The F-FOD procedure developed in previous sections has been illustrated with reference to product orders, derived from MISes. This is, in fact, the most natural setting where to perform populations comparisons, starting from ordinal indicator systems. However, the F-FOD procedure is by no means confined to this special kind of posets and can be applied to any finite partially ordered set (as implicitly anticipated, in the example of Fig. 2). Actually, dealing with posets other than product orders is quite frequent and usually occurs in two cases: (i) when the poset is not derived by a MIS (e.g. when a set of alternatives is partially ordered according to incomplete preferences) or (ii) when the poset of score configurations derived from the input MIS is an extension (see Sect. 2) of the product order associated to the MIS itself (this may happen, for example, when some indicators in the MIS are considered as more relevant than others, as explained in Fattore 2016).
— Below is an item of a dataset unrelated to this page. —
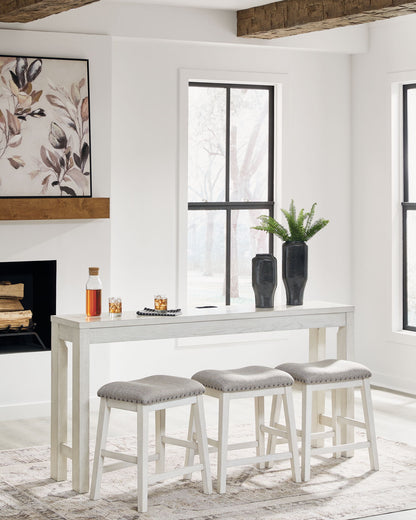 Robbinsdale - Rectangular Dining Room Counter Table Set (Set of 4) - Antique White, alternate view 6 with polyester fabric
In these cases, no modification has to be made to the logic thread of the procedure; the only issue is that pairwise dominance degrees between distributions could have to be computed on the whole set of linear extensions (at present, not implemented in PARSEC), thus increasing the complexity of the computations (in fact, for posets not arising from MISes, the concept of lexicographic linear extensions is not defined).

7 Conclusion

Comparing and ranking populations assessed on multidimensional systems of ordinal indicators is definitely a key step, in order to get synthetic views of complex social issues, to track their internal dynamics and to assess and to communicate the effects of policies. Many comparative studies are nowadays based on the FOD criterion, which is accepted as the reference tool for robust comparisons among populations; it is then crucial, for procedures implementing FOD analysis, to be well-founded, reliable and effective in practice. F-FOD has been designed and developed to fulfill these requirements, by providing social scientists with a dominance analysis framework which: (i) is built on firm mathematical and methodological bases, (ii) proves much more effective, in reconstructing comparison patterns, than the bootstrap approach proposed by Arndt and coauthors Arndt et al. (2012), (iii) is computationally sufficiently light, to be applied in most cases of practical interest and (iv) is implemented and freely available in the R package PARSEC. F-FOD enriches the statistical toolbox developed from applying posetic algorithms to data analysis and shows that multidimensional systems of ordinal indicators can be treated and analyzed in a fully consistent and effective way, by using the “ grammar of ordinal data”, i.e. partial order theory. This is of great importance, given the spreading of this kind of data in socio-economic sciences and this paper aims to be also an invitation, for social scientists, to integrate partial order concepts in their daily data analysis practice.